Using ‘kraken’ Computational Cluster

Introduction

One of the main purposes of the kraken cluster is to accommodate especially long-running programs. Users who run long jobs (which take hours or days to run) will need to run these jobs through the Torque Scheduler. Torque provides a method for handling these jobs on a first-come first-served basis with additional fairshare policy so all users can have their jobs started in some reasonable time. In this manner, all jobs will run more efficiently and finish quicker since each is allowed to have all system resources for the duration of its run. All Torque jobs must be launched from the kraken server.

How to Log-in

You can log-in to the kraken cluster or copy your files using SSH protocol. The useful programs for connection are PuTTY and WinSCP on Windows or ssh and scp commands on Linux. Please refer to their manual for instructions how to use them. The address of the cluster is kraken.phys.p.lodz.pl. For login you should use the username and password that have been provided to you. After the first login it is recommended to change your password using passwd command. You may put all your files in your home directory. They will be accessible from all the computing nodes through cluster internal network filesystem.

The Most Common Commands

The basic commands provided by Torque for starting and stopping jobs and for manipulating jobs in queues are shown below. For complete manual of Torque command, type “man <cmd>” (e.g. “man qsub”). These command are:

  • qsub — the basic command for running jobs,
  • qstat — show currently running jobs/queued jobs,
  • qnodes — gives the current status of all nodes,
  • qpeek — allows to see the current output of the job in progress,
  • qhold and qrls — allow to hold and release the running job.

How to Run a Batch Job

The Torque Scheduler will not accept any program directly. It is designed instead to accept a shell script — a .sh file — which itself runs the commands necessary to launch your program. Once your script is ready, you can submit it to Torque with the qsub command:

qsub your_script.sh

Mind that you do not enter $ symbol as it is a part of the prompt. When this command is issued, you will be given a job number, we will call it XX in this example, which is used for tracking and manipulating your job. Standard out and standard error from the job will be copied to files in your current directory named your_script.sh.oXX and your_script.sh.eXX for your reference.

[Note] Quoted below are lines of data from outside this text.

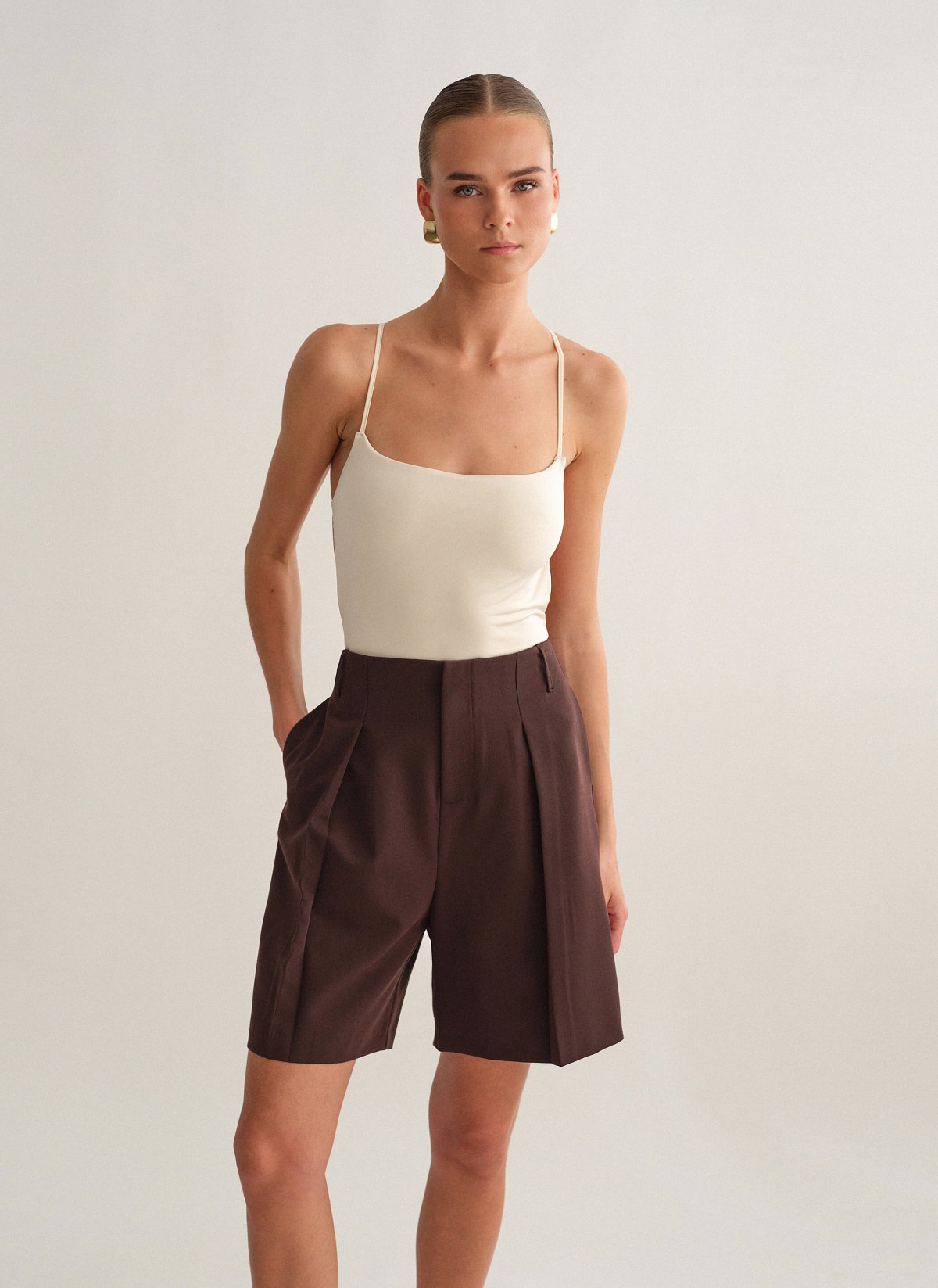 Γυναικεία υφασμάτινη βερμούδα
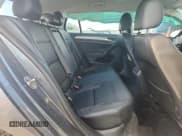 ✅ 2017 Volkswagen Golf S • VIN: 3VW117AU2HM070441 • Lot: 70125225. Wystawiony na Copart z przebiegiem 75 593 mil. Bezpłatny archiwum sprzedaży aukcyjnych z USA i szczegółowy raport historii pojazdu na DreamBid. Zdjęcie 10.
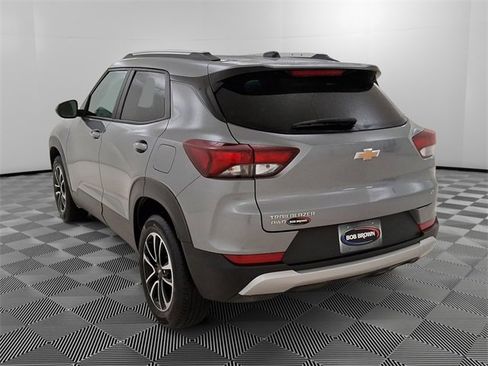 Used 2025 Chevrolet TrailBlazer LT image 5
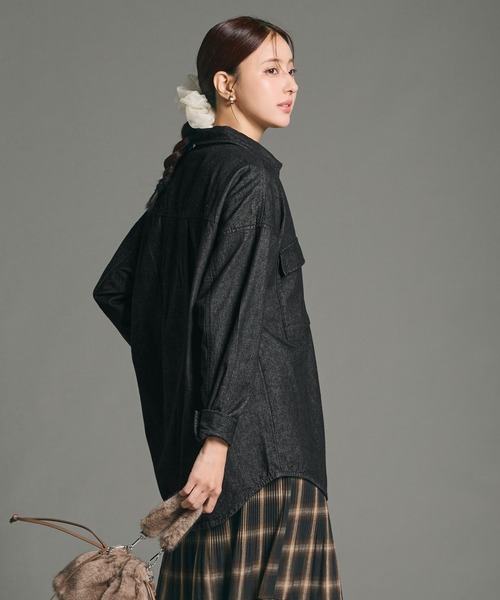 coca(coca)(コカ)の「オーバーサイズデニムシャツ(シャツ/ブラウス・レディース・ブルー/ブラック・L/M/S)」の12枚目の写真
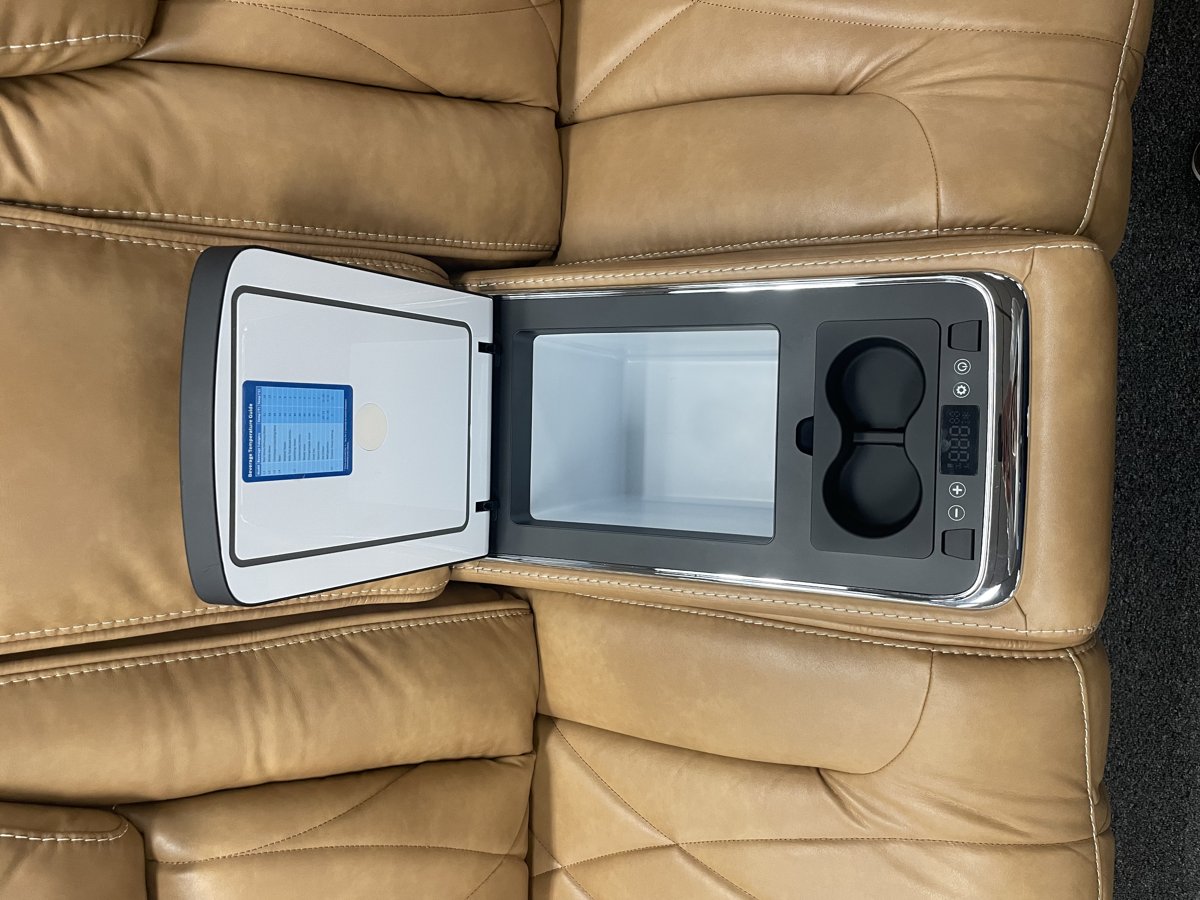 Corinthian Montana 6-Piece Dual Power Sectional - Camel — image 6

You can specify the queue to which your job is assigned by giving it after parameter -q. The available queues are specified in the table below. They differ by the default number of processors and memory assigned to your job. If you want different number of resources than queue default, you can specify them using parameter -l. Note, however, that you cannot increase the maximum constrains of the chosen queue, although you are welcome to decrease the required resources. In the following example, the test1.sh script requires 4 nodes in order to run and the calculations are supposed to take more time than 2.5h, so it is assigned to queue longer4. However, the required memory is only 4GB (instead of the default 12GB). Hence, such a job can be submitted with the command:

qsub -q longer4 -l mem=4GB test1.sh

Once this command is issued, the system will verify that there is a machine with 4 processor and 4GB of memory ready for use. If there is, it will allocate 4 processors for this job and the job will run. If 4 processors or 4GB of free memory are not yet available, the job will be put in the queue. The most popular resources that can be requested are specified in the table at the end of this page.

More details of the qsub command are specified in the appendix.

Monitoring Jobs

A user can issue the qstat command to track the status of the job. In the example below, the status of this job is shown as “R” (Running). A job can also show a status of “Q” (Queued), “H” (Hold), or “C” (Completed). The sample output of the qstat command looks as follows:

maciek@kraken:qstat

Job id                    Name             User            Time Use S Queue
------------------------- ---------------- --------------- -------- - -----
3177.kraken               test1.sh         maciek          00:01:28 R quick4

Job Arrays

To submit a large number of similar cluster jobs, there are two basic approaches. A shell script can be used to repeatedly call qsub passing in a customized PBS script (either by creating a temporary PBS script file or by piping the PBS commands into qsub).

The preferred approach–that is simpler and potentially more powerfull–would be to submit a job array using one PBS script and a single call to qsub. Job arrays hand-off the management of large numbers of similar jobs to the Resource Manager and Scheduler and provide a mechanism that allows cluster users to reference an entire set of jobs as though it were a single cluster job.

Submitting Job Arrays

Job arrays are submitted by including the -t option in a call to qsub, or by including the #PBS -t command in your PBS script. The -t option takes a comma-delimited list of job ID numbers or of one or more pairs of job ID numbers separated by a dash.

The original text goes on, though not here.